Items listed in a dataset

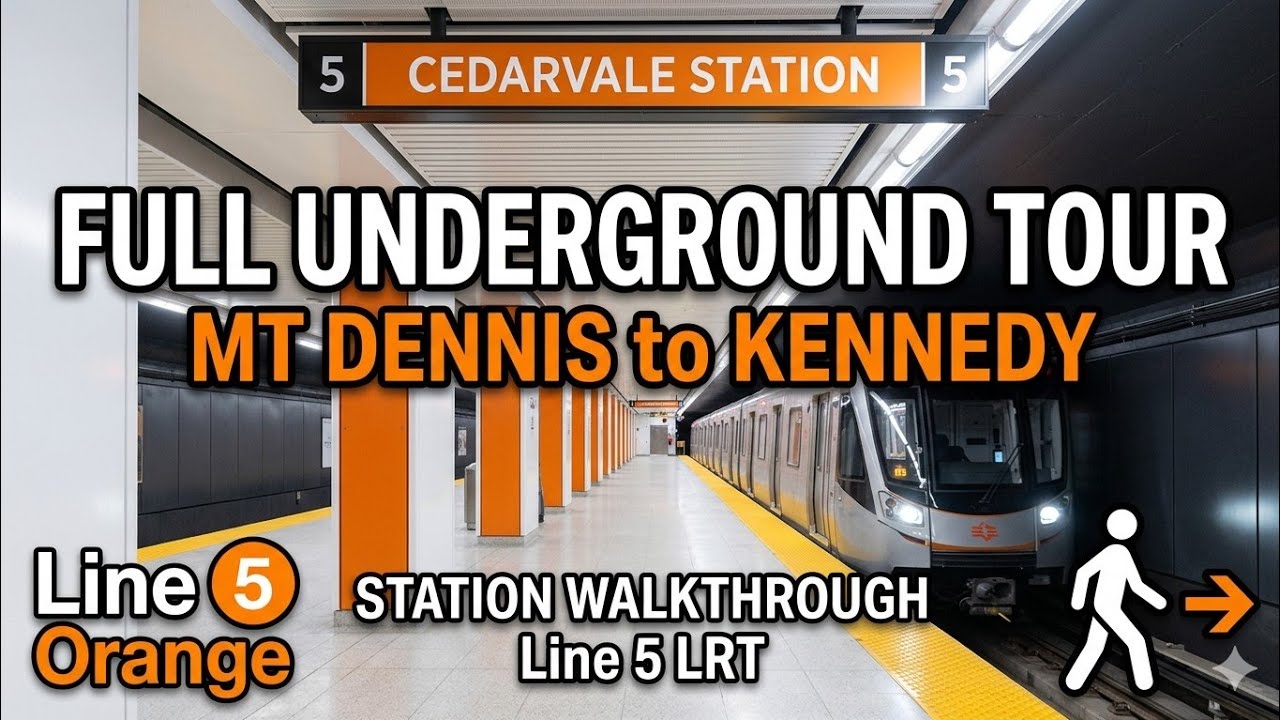 Line 5 LRT Eglinton Crosstown: All Underground Stations Tour | Mount Dennis to Kennedy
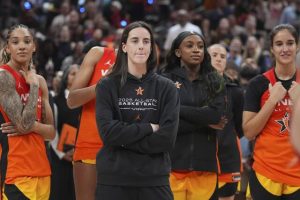 Indiana’s Caitlin Clark watches the WNBA All-Star Game on July 19.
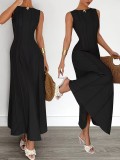 Summer Women Sleeveless Ruched Elegant Long Dress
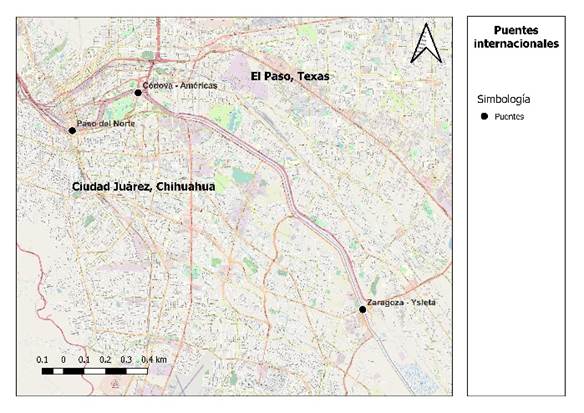 Localización de cruces internacionales en los que se levanta la encuesta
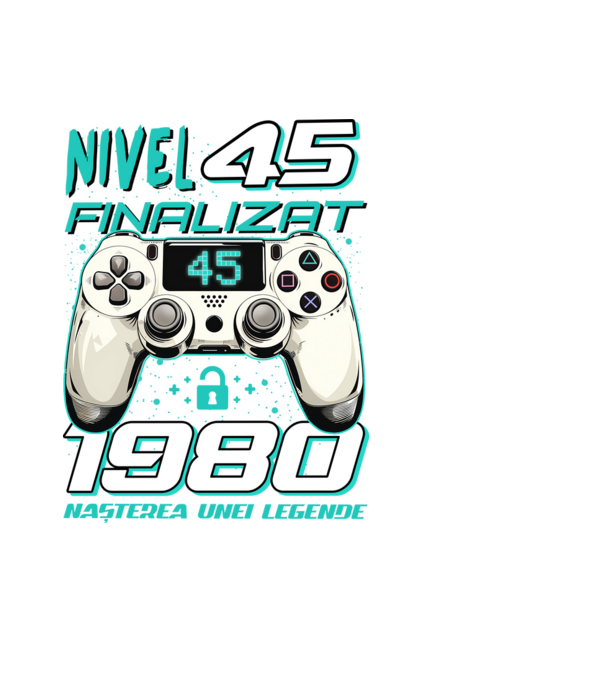 Nivel finalizat 45 1980 model negru pe tricou
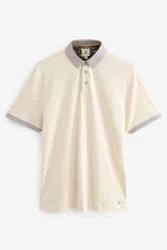 Next Polohemd mit elegantem Kragen Beige/Braun/Khaki/Creme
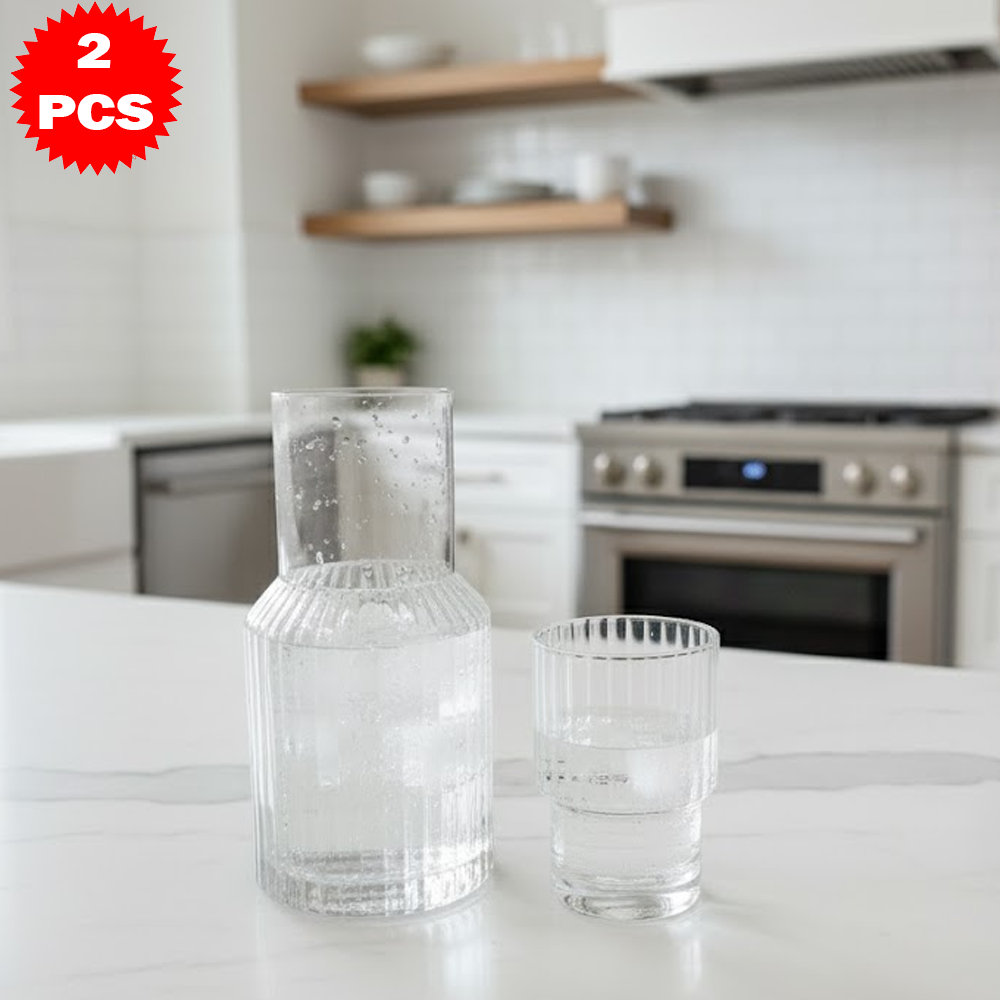 طقم قارورة وكوب زجاجي من 2 قطعة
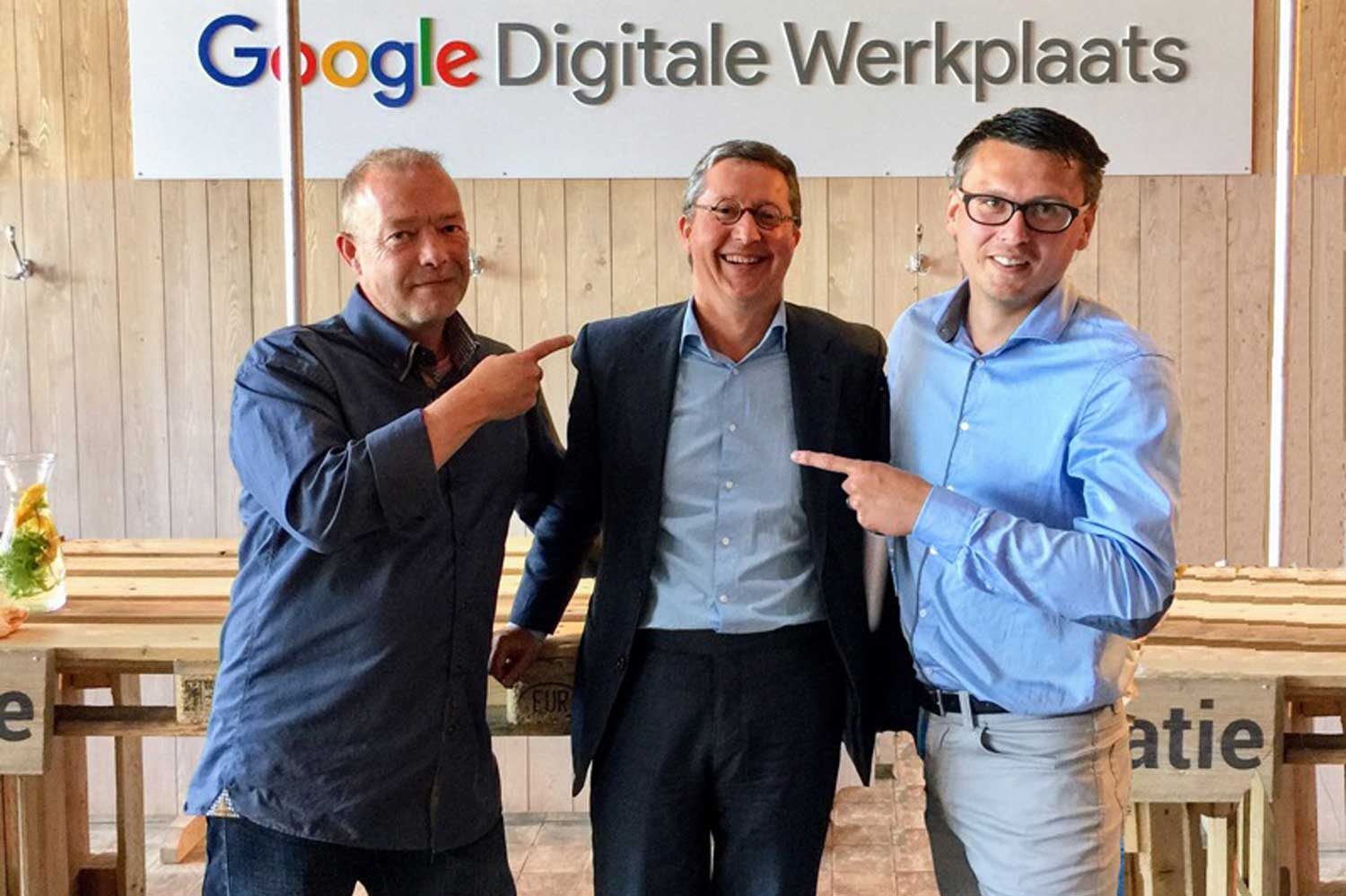 Nico en Thijs van Pixelsz bij de Google Digitale Werkplaats in Groningen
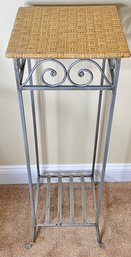 Wicker And Metal Plant Stand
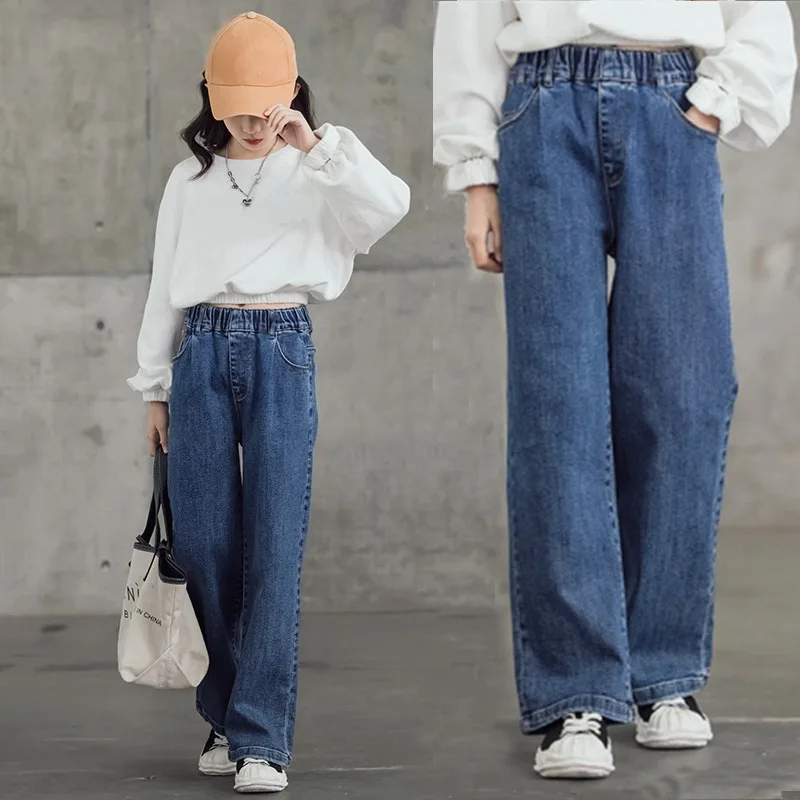 2026 Spring Kid's Jeans 3-9Y Cute Girls Solid Color Loose Wide Leg Pants Childrens Outwear Denim Trousers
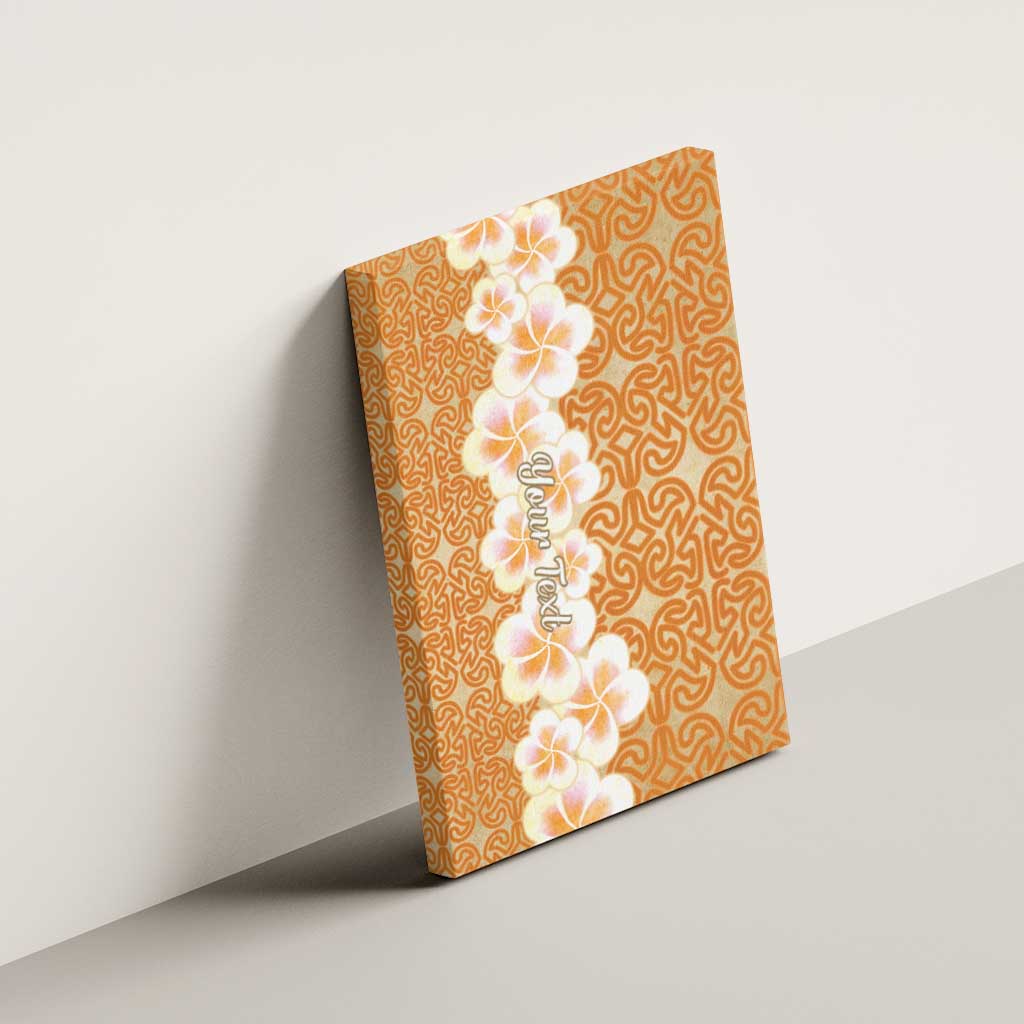 Personalised Tufi Tapa and Tattoo Festival Canvas Wall Art Oro Tapa Cloth With Plumeria - Polynesian Pride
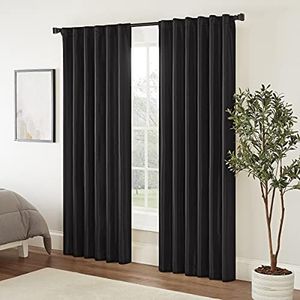 Eclipse Fresno 52 by 84-Inch Blackout Window Curtain (Single Panel), Black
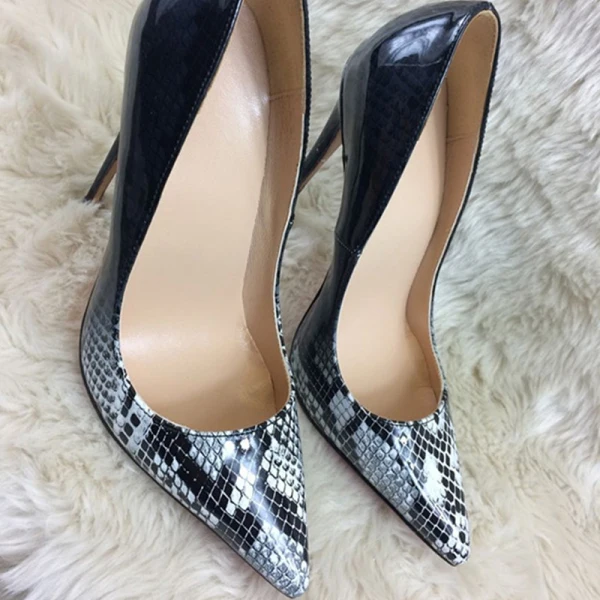 Fine Svart Casual Pumps 2019 Lær Slangeskinn Print 12 cm Stiletthæler Spisse Pumps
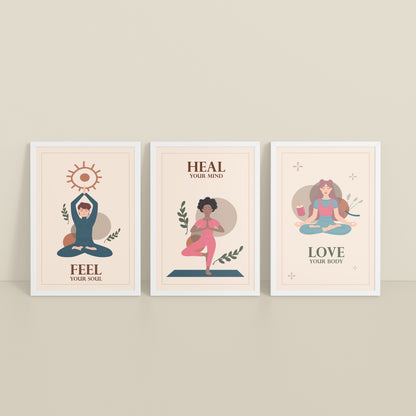Inclined Floor View of Feel, Heal & Love – Inspirational Yoga Set of 3 Frames in White Color Frame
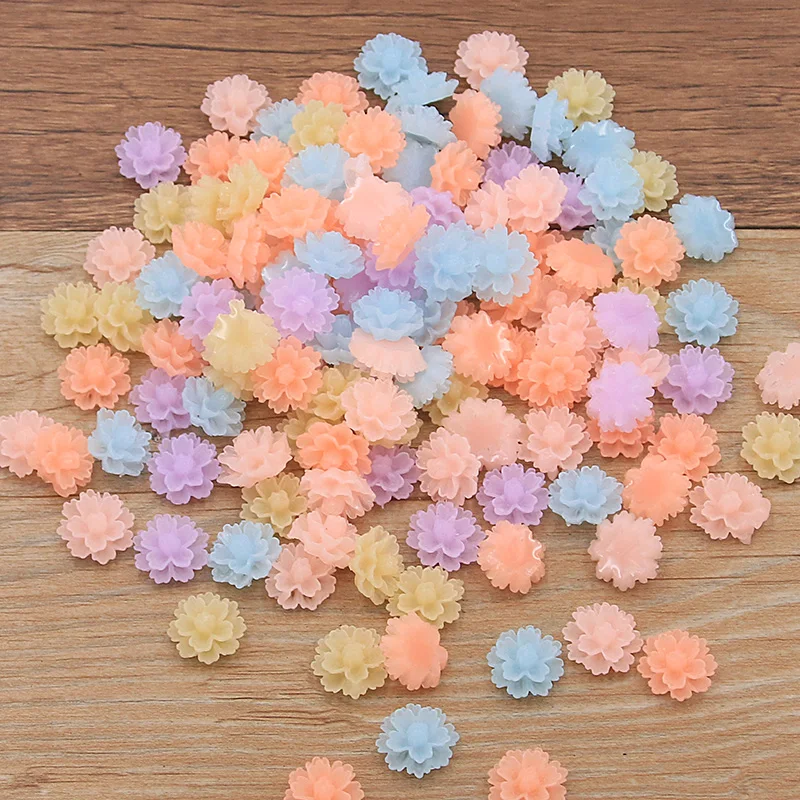 50PCS 13mm Flower Flatback Resin Cabochons Scrapbook Craft DIY Embellishments decor Headwear accessories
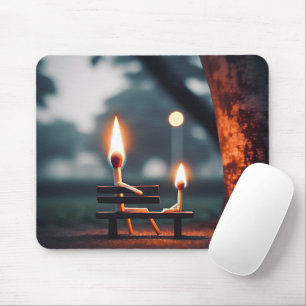 Far och Son Matchsticks på en bench Musmatta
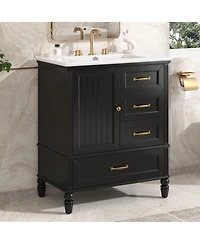 Sillysis 30" Modern Bathroom Vanity with Ceramic Sink, Freestanding Acacia Wood Mdf Cabinet 3 Drawers & Door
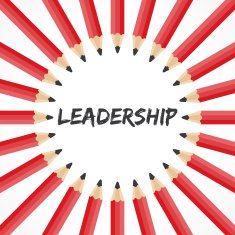 Leadership word with pencil background N2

**WHAT YOU WILL DO:** Within the entries above, the lines from the one with "Fine Svart Casual" through the final line are to be printed exactly, with the pictures removed.

**WRITTEN RESPONSE:**
 Fine Svart Casual Pumps 2019 Lær Slangeskinn Print 12 cm Stiletthæler Spisse Pumps
Inclined Floor View of Feel, Heal & Love – Inspirational Yoga Set of 3 Frames in White Color Frame
 50PCS 13mm Flower Flatback Resin Cabochons Scrapbook Craft DIY Embellishments decor Headwear accessories
 Far och Son Matchsticks på en bench Musmatta
 Sillysis 30" Modern Bathroom Vanity with Ceramic Sink, Freestanding Acacia Wood Mdf Cabinet 3 Drawers & Door
 Leadership word with pencil background N2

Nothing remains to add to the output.